» WORK TASK
When you copy the data, keep every line exactly as written and skip the pictures.

» DATA SHOWN
::::::::

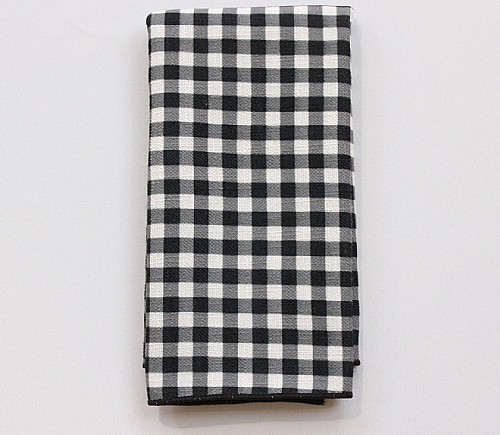 Black Gingham Panama w/ Black Cotton Backing Dinner Napkin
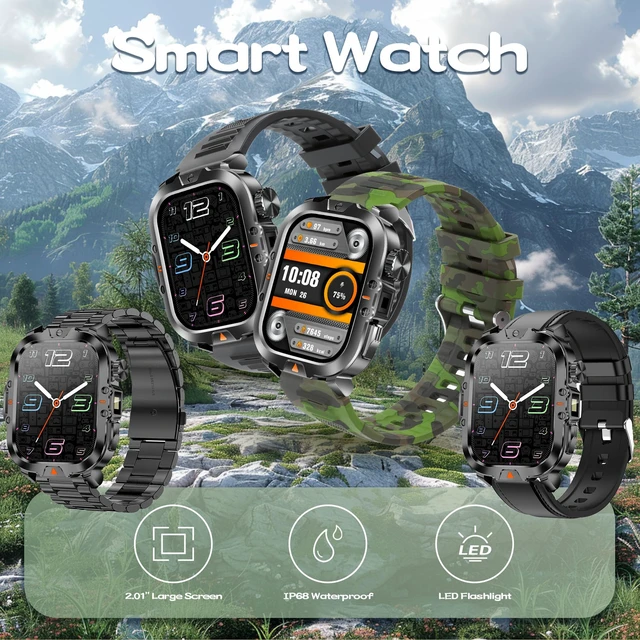 Alt view image 2 of 6 - Smart Watches for Men(Answer/Make Call), LED Lighting, 2.01" HD Fitness Tracker with Blood Pressure/Heart Rate Monitor, Waterproof Fitness Watch for Men, Smart Watch for Android/iOS Phones (Black)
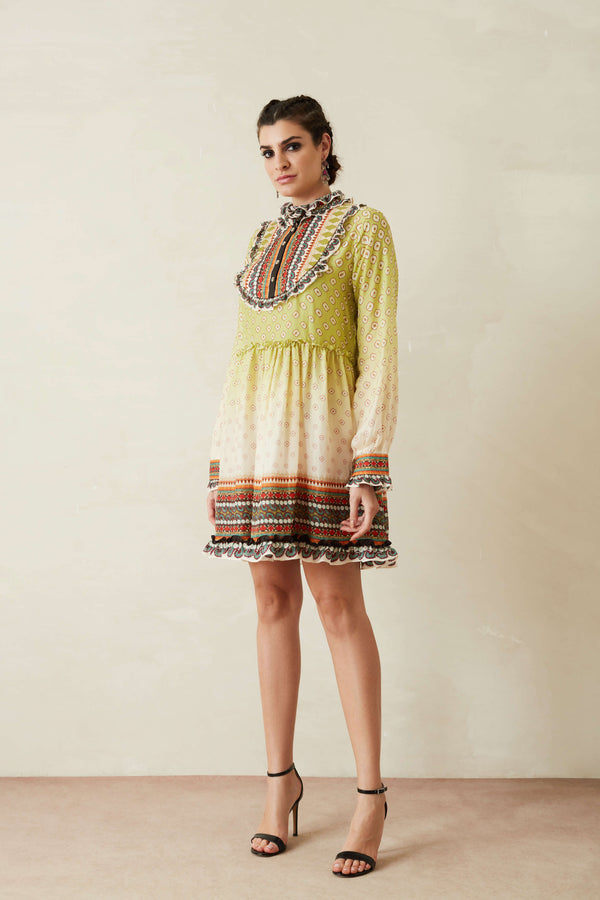Rajdeep Ranawat-Lime Green Frilled Dress-INDIASPOPUP.COM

::::::::

» ANSWER BELOW
 Black Gingham Panama w/ Black Cotton Backing Dinner Napkin
 Alt view image 2 of 6 - Smart Watches for Men(Answer/Make Call), LED Lighting, 2.01" HD Fitness Tracker with Blood Pressure/Heart Rate Monitor, Waterproof Fitness Watch for Men, Smart Watch for Android/iOS Phones (Black)
Rajdeep Ranawat-Lime Green Frilled Dress-INDIASPOPUP.COM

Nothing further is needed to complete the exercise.